If the coefficients of \((\partial /\partial r) w ( b_{\bar{x}_0 ,\bar{z}} )\) are taken to be constants \(\alpha _{\bar{x}_0 ,\bar{z}}\), Eq. 13 becomes

$$\begin{aligned} {\varvec{s}}(\bar{x}_0 ) = \sum _{\bar{z}=1}^{N} \alpha _{\bar{x}_0 ,\bar{z}} \frac{\partial }{\partial r} w(b_{\bar{x}_0 ,\bar{z}}). \end{aligned}$$

(14)

From Eq. 13, at some position \(\bar{x} = \bar{x}_0\), the term \(b_{\bar{x}_0 ,\bar{z}}\) in the reconstructed distribution satisfies \(\bar{x}_0 \le b_{\bar{x}_0 ,\bar{z}} \le N\), and so the terms \((\partial /\partial r) w( 1 )\) to \((\partial /\partial r) w( \bar{x}_0 -1 )\) are not included in the summation. Therefore, the coefficients \(\alpha _{\bar{x}_0 ,\bar{z}}\) of the terms \((\partial /\partial r)w ( b_{\bar{x}_0 ,\bar{z}} )\) in the reconstructed distribution are 0 for \(1 \le \bar{z} \le \bar{x}_0 -1\). Also, the coefficients \(\alpha _{\bar{x}_0,\bar{z}}\) are determined only by the position in the discrete coordinates \((\bar{x},\bar{z})\).

In the projection \({\varvec{s}}(\bar{x})\) in Eq. 14, the variable \(\bar{x}\) takes values among all the natural numbers \(1,2, \dots\), and we can then show that

$$\begin{aligned} {\varvec{s}}(\bar{x}) = \sum _{\bar{z}=1}^{N} \alpha _{\bar{x},\bar{z}} \frac{\partial }{\partial r} w(b_{\bar{x},\bar{z}}), \end{aligned}$$

(15)

which can be written in matrix form as

$$\begin{aligned} {\varvec{S}}&={\varvec{A}}{\varvec{W}}, \end{aligned}$$

(16a)

or, explicitly,

$$\begin{aligned} \begin{bmatrix} {\varvec{s}}(1)\\ {\varvec{s}}(2)\\ {\varvec{s}}(3)\\ \vdots \\ {\varvec{s}}(n) \end{bmatrix}&=\begin{bmatrix} \alpha _{1,1}&{}\alpha _{1,2}&{}\alpha _{1,3}&{}\cdots &{}\alpha _{1,N}\\ 0&{}\alpha _{2,2}&{}\alpha _{2,3}&{}\cdots &{}\alpha _{2,N}\\ 0&{}0&{}\alpha _{3,3}&{}\cdots &{}\alpha _{3,N}\\ \vdots &{}\vdots &{}\vdots &{}\ddots &{}\vdots \\ 0&{}0&{}0&{}\cdots &{}\alpha _{N,N} \end{bmatrix} \begin{bmatrix} \dfrac{\partial }{\partial r} w(1)\\ \dfrac{\partial }{\partial r} w(2)\\ \dfrac{\partial }{\partial r} w(3)\\ \vdots \\ \dfrac{\partial }{\partial r} w(N) \end{bmatrix}. \end{aligned}$$

(16b)

As mentioned earlier, the coefficients \(\alpha _{\bar{x}_0 ,\bar{z}}\) in Eq. 14 for the reconstructed distribution at some location \(\bar{x} = \bar{x}_0\) are zero for \(1 \le \bar{z} \le \bar{x}_0 -1\).
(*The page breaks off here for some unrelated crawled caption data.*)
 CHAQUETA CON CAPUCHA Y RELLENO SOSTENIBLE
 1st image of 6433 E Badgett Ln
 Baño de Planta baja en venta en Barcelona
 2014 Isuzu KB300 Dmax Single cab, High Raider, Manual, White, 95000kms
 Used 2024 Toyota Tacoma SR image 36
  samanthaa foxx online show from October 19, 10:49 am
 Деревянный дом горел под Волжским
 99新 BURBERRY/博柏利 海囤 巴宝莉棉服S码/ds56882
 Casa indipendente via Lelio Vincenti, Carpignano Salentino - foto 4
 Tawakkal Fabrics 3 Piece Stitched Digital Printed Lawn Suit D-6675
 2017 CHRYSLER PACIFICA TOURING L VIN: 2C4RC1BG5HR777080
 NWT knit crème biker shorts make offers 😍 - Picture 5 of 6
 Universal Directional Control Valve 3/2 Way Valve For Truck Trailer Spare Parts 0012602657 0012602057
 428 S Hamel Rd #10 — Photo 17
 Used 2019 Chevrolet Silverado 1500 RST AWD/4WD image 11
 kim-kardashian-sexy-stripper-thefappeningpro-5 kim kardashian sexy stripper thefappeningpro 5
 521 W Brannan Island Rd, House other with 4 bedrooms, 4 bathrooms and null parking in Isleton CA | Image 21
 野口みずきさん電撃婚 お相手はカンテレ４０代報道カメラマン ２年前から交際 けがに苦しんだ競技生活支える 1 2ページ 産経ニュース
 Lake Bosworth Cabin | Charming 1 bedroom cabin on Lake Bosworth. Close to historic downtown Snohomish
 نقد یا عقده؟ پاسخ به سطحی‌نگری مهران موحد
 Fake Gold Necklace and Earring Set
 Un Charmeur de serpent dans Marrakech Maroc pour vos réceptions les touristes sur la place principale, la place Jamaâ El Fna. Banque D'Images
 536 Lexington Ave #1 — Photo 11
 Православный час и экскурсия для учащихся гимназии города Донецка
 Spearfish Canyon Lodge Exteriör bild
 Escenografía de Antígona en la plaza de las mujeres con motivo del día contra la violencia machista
Similarly, the coefficient \(\alpha _{2,\bar{z}}\) in the reconstructed distribution at \(\bar{x} = 2\) is 0 for \(\bar{z} = 1\), and the coefficient \(\alpha _{3,\bar{z}}\) of the reconstructed distribution at \(\bar{x} = 3\) is 0 for \(\bar{z} = 1,2\). It can be seen that the coefficient matrix \({\varvec{A}}\) in Eq. 16 for the reconstructed distribution for all natural numbers \(\bar{x}\) (\(\bar{x}\ge 1\)) is always an upper triangular matrix with nonzero and nonsingular diagonal components. It therefore has an inverse matrix \({\varvec{A}}^{-1}={\varvec{\widetilde{A}}}/|{\varvec{A}}|\), where \({\varvec{\widetilde{A}}}\) and \(|{\varvec{A}}|\) are the respectively adjugate matrix and determinant of \({\varvec{A}}\) Harville (1998). Multiplication of both sides of Eq. 16a by the inverse matrix \({\varvec{A}}^{-1}\) then gives

$$\begin{aligned} {\varvec{A}}^{-1}{\varvec{S}} = {\varvec{A}}^{-1} {\varvec{A}}{\varvec{W}} ={\varvec{W}} . \end{aligned}$$

(17)

Thus, the reconstructed distribution in matrix form \({\varvec{W}}\) can be calculated by simply multiplying the matrix of projected values \({\varvec{S}}\) by the inverse of the coefficient matrix \({\varvec{A}}\), and the integral relation in Eq. 6 between the projected values of the vector field and the reconstructed distribution of the vector field has been transformed into the matrix form in Eq. 17 by VT.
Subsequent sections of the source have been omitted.